§ EXERCISE DETAILS:
Repeat the lines of the data exactly and exclude any picture among them.

§ INPUT DATA:
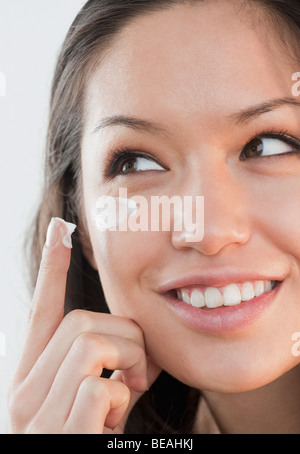 Mixed Race woman applying cream sous les yeux Banque D'Images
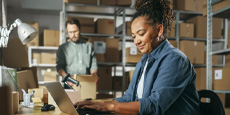Two people working in a warehouse filled with cardboard boxes.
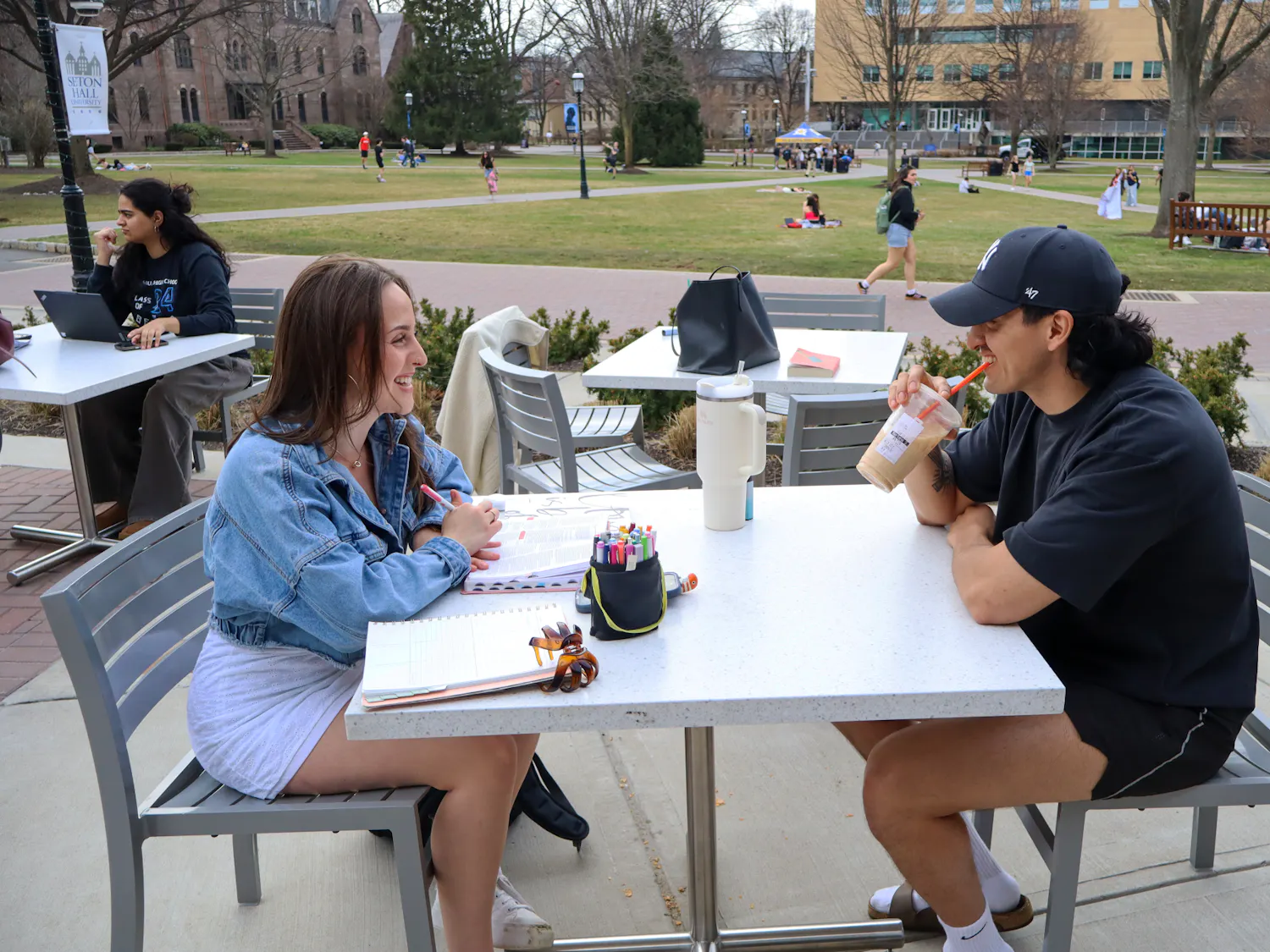 Students enjoying the weather outside on the UC patio | Photo by Benjamin Pendolino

§ YOUR RESPONSE:
 Mixed Race woman applying cream sous les yeux Banque D'Images
Two people working in a warehouse filled with cardboard boxes.
 Students enjoying the weather outside on the UC patio | Photo by Benjamin Pendolino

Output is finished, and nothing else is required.